MalariaSED is a sequence-based Deep Learning (DL) framework in malaria parasites to understand the contribution of noncoding variants to epigenetic profiles. The current version is able to predict the chromatin impacts, including open chromatin accessibility, H3K9ac, and six TFs, including PfAP2-G, PfAP2-I, PfBDP1, PfAP2-G5, PbAP2-O, and PbAP2-G2, covering different parasite living environments like the mosquito host, the human liver, and human blood cells.
1.bedtools (>2.30.0)
2.tensorflow (2.4.1)
3.numpy (1.19.5)
4.bisect
5.pickle
6.json
git clone https://github.com/CharleyWang/MalariaSED.git
cd MalariaSED
rm TRAINED_model.tar.gz
rm intergenic.SNP.dl.logRatio.list.hash.pickle
wget -c "https://github.com/CharleyWang/MalariaSED/raw/master/TRAINED_model.tar.gz"

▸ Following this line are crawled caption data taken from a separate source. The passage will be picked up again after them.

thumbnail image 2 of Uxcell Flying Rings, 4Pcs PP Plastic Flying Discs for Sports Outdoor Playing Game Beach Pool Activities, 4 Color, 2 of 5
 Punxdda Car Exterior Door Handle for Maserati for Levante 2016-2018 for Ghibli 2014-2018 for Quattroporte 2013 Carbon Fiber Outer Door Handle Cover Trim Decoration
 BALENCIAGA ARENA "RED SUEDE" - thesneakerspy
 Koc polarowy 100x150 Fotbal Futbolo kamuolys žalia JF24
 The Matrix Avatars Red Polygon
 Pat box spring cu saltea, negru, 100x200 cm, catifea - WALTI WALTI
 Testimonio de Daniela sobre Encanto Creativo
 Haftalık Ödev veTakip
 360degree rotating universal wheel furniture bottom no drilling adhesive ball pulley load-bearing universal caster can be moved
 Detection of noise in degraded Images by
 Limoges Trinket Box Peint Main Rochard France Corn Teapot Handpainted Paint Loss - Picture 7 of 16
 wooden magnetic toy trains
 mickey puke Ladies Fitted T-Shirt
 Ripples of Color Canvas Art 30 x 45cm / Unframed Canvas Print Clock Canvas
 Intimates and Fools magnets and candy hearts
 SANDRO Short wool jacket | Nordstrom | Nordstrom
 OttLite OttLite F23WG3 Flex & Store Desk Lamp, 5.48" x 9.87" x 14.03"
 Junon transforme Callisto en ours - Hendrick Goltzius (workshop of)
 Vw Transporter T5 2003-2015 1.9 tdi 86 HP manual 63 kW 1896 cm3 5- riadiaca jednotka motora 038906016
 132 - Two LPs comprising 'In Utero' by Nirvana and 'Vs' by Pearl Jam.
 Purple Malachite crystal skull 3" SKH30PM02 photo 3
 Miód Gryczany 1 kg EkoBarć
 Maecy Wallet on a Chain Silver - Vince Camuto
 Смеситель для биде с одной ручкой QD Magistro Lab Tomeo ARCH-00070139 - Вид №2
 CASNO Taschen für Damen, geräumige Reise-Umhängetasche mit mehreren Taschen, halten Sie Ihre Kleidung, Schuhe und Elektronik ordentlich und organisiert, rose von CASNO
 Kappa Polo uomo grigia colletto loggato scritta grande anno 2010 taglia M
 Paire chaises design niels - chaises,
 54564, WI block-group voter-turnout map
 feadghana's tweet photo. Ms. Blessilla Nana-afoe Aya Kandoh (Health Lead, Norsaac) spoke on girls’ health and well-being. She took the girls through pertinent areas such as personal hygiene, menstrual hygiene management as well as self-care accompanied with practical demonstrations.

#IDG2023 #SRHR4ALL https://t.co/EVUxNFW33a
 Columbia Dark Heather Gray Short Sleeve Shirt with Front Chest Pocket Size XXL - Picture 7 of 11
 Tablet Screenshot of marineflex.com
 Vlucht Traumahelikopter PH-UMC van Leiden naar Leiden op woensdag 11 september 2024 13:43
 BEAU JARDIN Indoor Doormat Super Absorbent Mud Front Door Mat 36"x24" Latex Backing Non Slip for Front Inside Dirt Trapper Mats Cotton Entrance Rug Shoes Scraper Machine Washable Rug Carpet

wget -c "https://github.com/CharleyWang/MalariaSED/raw/master/intergenic.SNP.dl.logRatio.list.hash.pickle"
tar -xzvf TRAINED_model.tar.gz
cd TRAINED_model/
gunzip *
We provide two input formats for users to compute the chromatin profile changes:
The VCF format requests that the beginning four columns of the user input file include chromosome ID, genomic variant location, reference nucleotide (the nucleotide sequence for insertion or deletion) and alternative nucleotide (‘*for deletion). The nucleotide sequence length should be shorter than 1kb.
To run the prediction model, please use the following command:
cd VCF_prediction
python snpToTensor.DLpredict.py <Variant file> <chromosome length file> <genome fasta file> <output file>
where variant file should contain four columns including chromosomes, variant sites, reference and alternation sequences. We listed an example of variant file as 'example.variants'. 'chromosome length file' is a bed file listing start and end site of each chromosome, while 'genome fasta file' is the fasta sequence information of P.falciparum genome.
Here is an exapmle
cd VCF_prediction
python snpToTensor.DLpredict.py example.variants ../genome/genome_information_pl9.0.bed ../genome/PlasmoDB-26_Pfalciparum3D7_Genome.fasta outputFILE
The output of MalairaSED provides a tab-separated file.
Column 1: the information of a input locus, listing as the format "chromosome location", "reference sequence", "alternat sequence"::"1kb extended chromosome location surronding the locus".
Column 2 and 3: The closest gene ID and corresponding distance to the locus, Plasmodb version 26.
Column 4 and 5: The closest gene ID and corresponding distance to the locus, Plasmodb version 55.
Column 6 to 31: The probability of each chromatin profile predicted from MalariaSED
Column 32 to 44: The absolute chromatin effect calculated as log2 fold change of odds.
Column 45 to 57: The E-value of a chromatin effect is the expected fraction of the non-coding variants reported in MalariaGEN database that would present higher effect than the variant here.
Users can upload two Fasta files for reference and alternation sequences. Multiple sequences are allowed, and MalaraiSED will calculate chromatin effects between two Fasta sequences with the same row ID in the reference and alternation files. The length of both Fasta files should be equal to 1kb.
To run the prediction model, please use the following command:
cd FASTA_prediction
python fastaToTensor.DLpredict.py <Reference_fasta_file> <Alternation_fasta_file> <output file>
where <Reference_fasta_file> indicates a fasta file for reference, while <Alternation_fasta_file> for alternate sequence. The sequence length within both of the files should be 1kb, and have the same fasta name.
Here is an exapmle
cd FASTA_prediction
python fastaToTensor.DLpredict.py example.REF.fasta example.ALT.fasta outputFile
Column 1: the input fasta head
Column 2 to 27: The probability of each chromatin profile predicted from MalariaSED
Column 28 to 40: The absolute chromatin effect calculated as log2 fold change of odds.
Column 41 to 53: The E-value of a chromatin effect is the expected fraction of the non-coding variants reported in MalariaGEN database that would present higher effect than the variant here.